** Provided information follows **
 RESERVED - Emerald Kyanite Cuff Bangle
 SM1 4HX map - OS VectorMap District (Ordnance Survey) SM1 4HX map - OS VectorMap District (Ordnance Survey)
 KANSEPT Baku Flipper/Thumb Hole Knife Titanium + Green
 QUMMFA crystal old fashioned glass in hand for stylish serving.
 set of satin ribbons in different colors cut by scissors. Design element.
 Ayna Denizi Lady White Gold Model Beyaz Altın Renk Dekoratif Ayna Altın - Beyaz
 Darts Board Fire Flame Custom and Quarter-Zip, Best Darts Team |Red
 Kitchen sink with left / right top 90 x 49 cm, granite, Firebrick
** End of Provided information **
** Provided information follows **
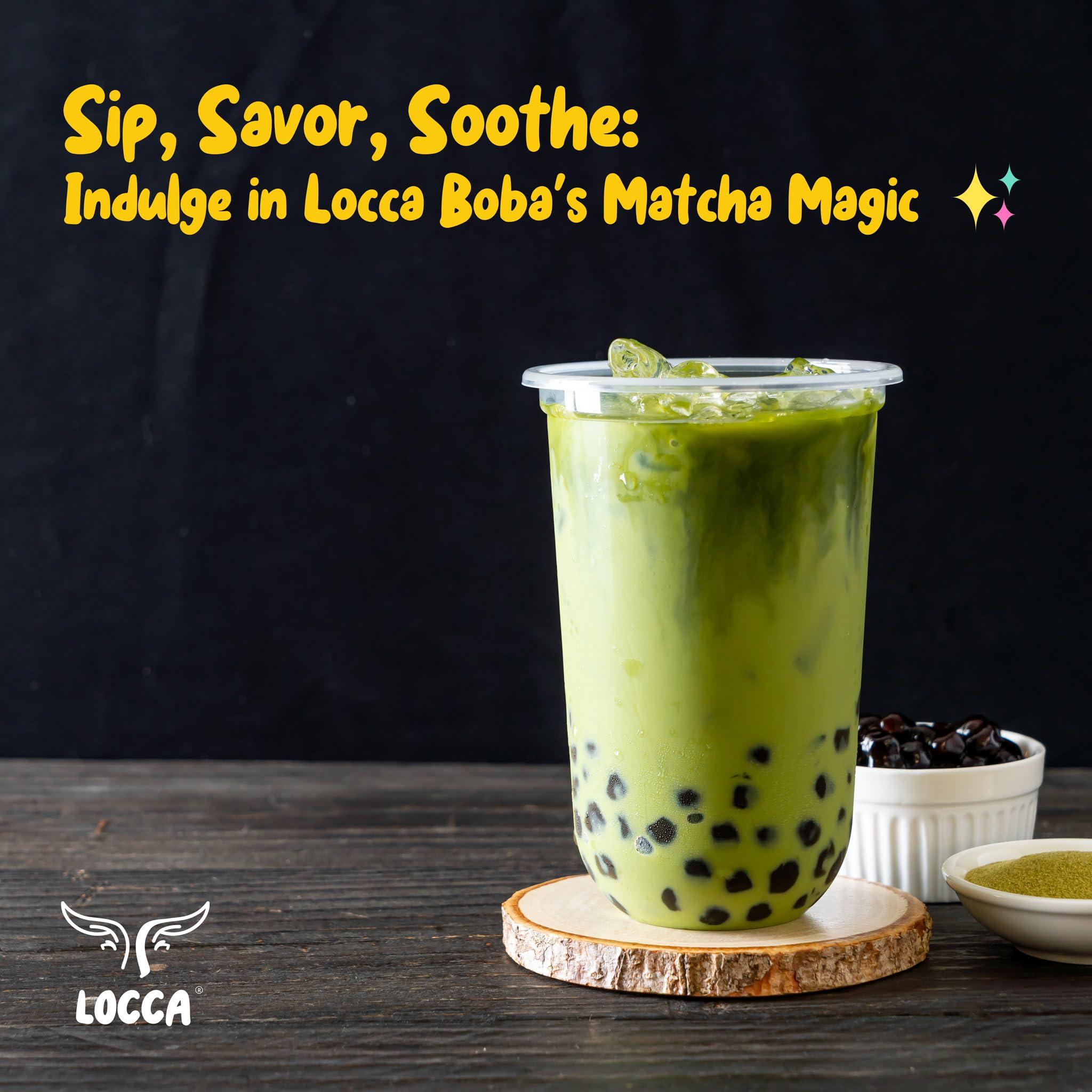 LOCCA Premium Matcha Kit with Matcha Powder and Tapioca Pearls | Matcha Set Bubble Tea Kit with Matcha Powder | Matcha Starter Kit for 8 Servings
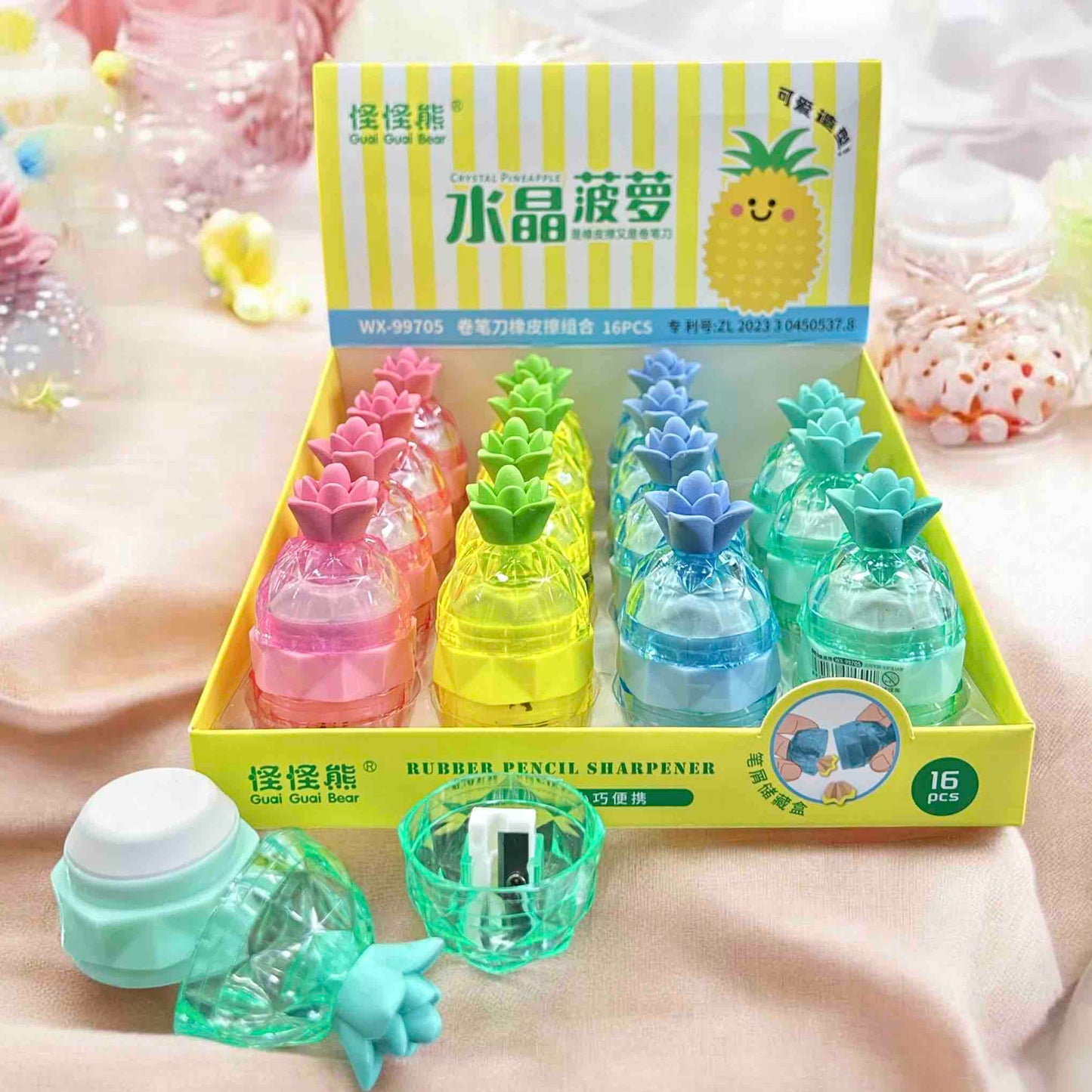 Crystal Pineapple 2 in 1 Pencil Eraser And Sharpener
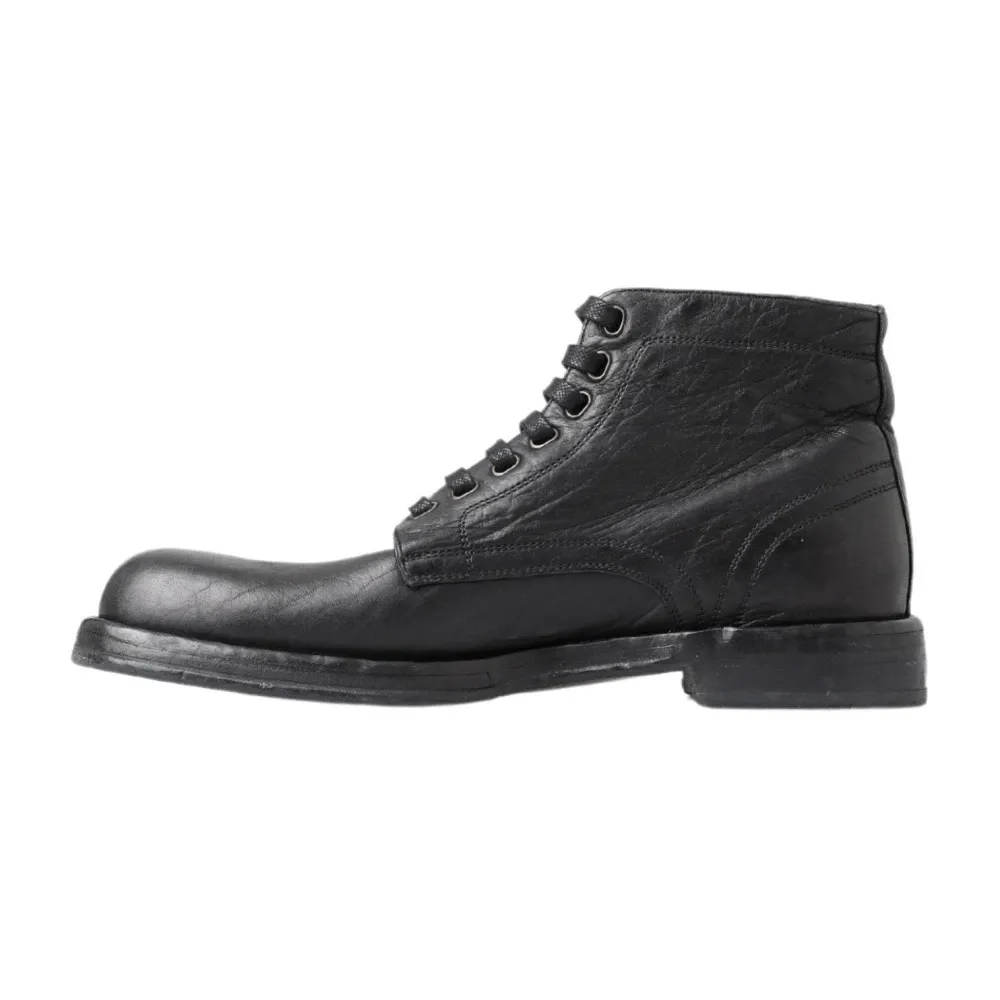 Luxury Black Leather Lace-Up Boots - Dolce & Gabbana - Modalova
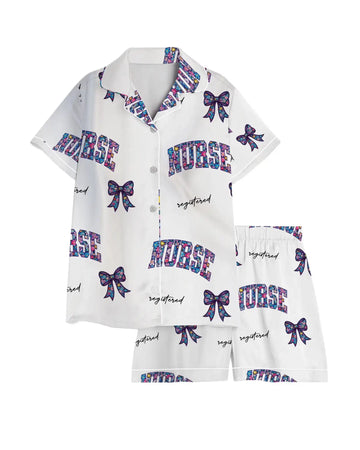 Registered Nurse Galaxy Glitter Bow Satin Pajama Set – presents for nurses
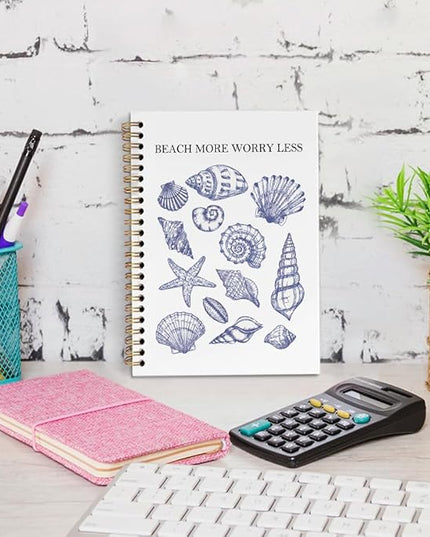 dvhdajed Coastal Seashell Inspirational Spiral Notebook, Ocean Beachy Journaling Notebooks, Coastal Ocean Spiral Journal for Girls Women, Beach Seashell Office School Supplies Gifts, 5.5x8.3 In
** End of Provided information **
** Provided information follows **
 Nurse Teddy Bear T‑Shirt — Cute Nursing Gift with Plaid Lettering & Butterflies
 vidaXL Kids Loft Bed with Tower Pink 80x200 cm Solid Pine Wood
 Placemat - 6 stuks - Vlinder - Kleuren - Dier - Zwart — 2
** End of Provided information **
### [Task goal]
In the data above, which lines lie between the line with "vidaXL Kids Loft" and the line with "Placemat - 6", inclusive? Print those lines exactly and nothing else.

### [Solution to this exercise]
 vidaXL Kids Loft Bed with Tower Pink 80x200 cm Solid Pine Wood
 Placemat - 6 stuks - Vlinder - Kleuren - Dier - Zwart — 2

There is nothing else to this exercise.